On NVIDIA GPUs, only Ampere architecture and later GPUs are supported.

Check whether it is supported in Python:

import transformers
transformers.utils.import_utils.is_torch_bf16_gpu_available()

NF4, 4-bit NormalFloat, a special format for quantization, was proposed by the University of Washington in the QLoRA quantization paper in May 23. The paper address is: https://arxiv.org/abs/2305.14314

NF4 is an information-theoretically optimal data type based on quantile quantization technology . Normalize a 4-bit number to a fixed expected value of a normal distribution with a mean of 0 and a standard deviation of [-1,1]. Those who know the principle of quantization should understand it.

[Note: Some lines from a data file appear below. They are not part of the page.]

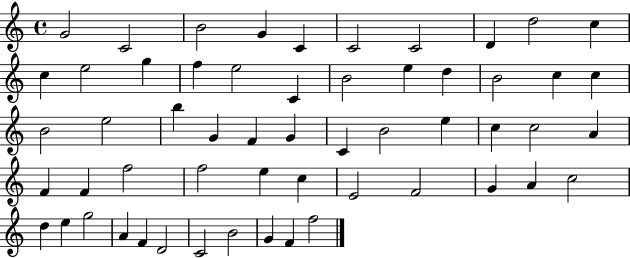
{
  \clef treble
  \time 4/4
  \defaultTimeSignature
  \key c \major
  g'2 c'2 | b'2 g'4 c'4 | c'2 c'2 | d'4 d''2 c''4 | \break c''4 e''2 g''4 | f''4 e''2 c'4 | b'2 e''4 d''4 | b'2 c''4 c''4 | \break b'2 e''2 | b''4 g'4 f'4 g'4 | c'4 b'2 e''4 | c''4 c''2 a'4 | \break f'4 f'4 f''2 | f''2 e''4 c''4 | e'2 f'2 | g'4 a'4 c''2 | \break d''4 e''4 g''2 | a'4 f'4 d'2 | c'2 b'2 | g'4 f'4 f''2 | \break \bar "|."
}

The number of FP precision and special precision plus the number of digits is summarized in the following table

Multi-precision and mixed-precision

Multi-precision computing refers to computing with different precisions. Double precision is used in parts that require high-precision computing, and half-precision or single-precision is used in other parts.

Mixed precision computing is the use of different precision levels in a single operation, which achieves computational efficiency without sacrificing accuracy, reducing the memory, time and power consumption required for operation

Quantization accuracy

Generally speaking, the lower the precision, the smaller the model size and inference memory usage. In order to reduce resource usage as much as possible, quantization algorithms were invented. FP32 occupies 4 bytes, and quantization to 8 bits only requires 1 byte.

INT8 and INT4 are commonly used, and there are other quantization formats (6-bit, 5-bit, and even 3-bit). Although the resource usage is reduced, the inference results are not much different.

The quantization algorithm is not elaborated in detail here.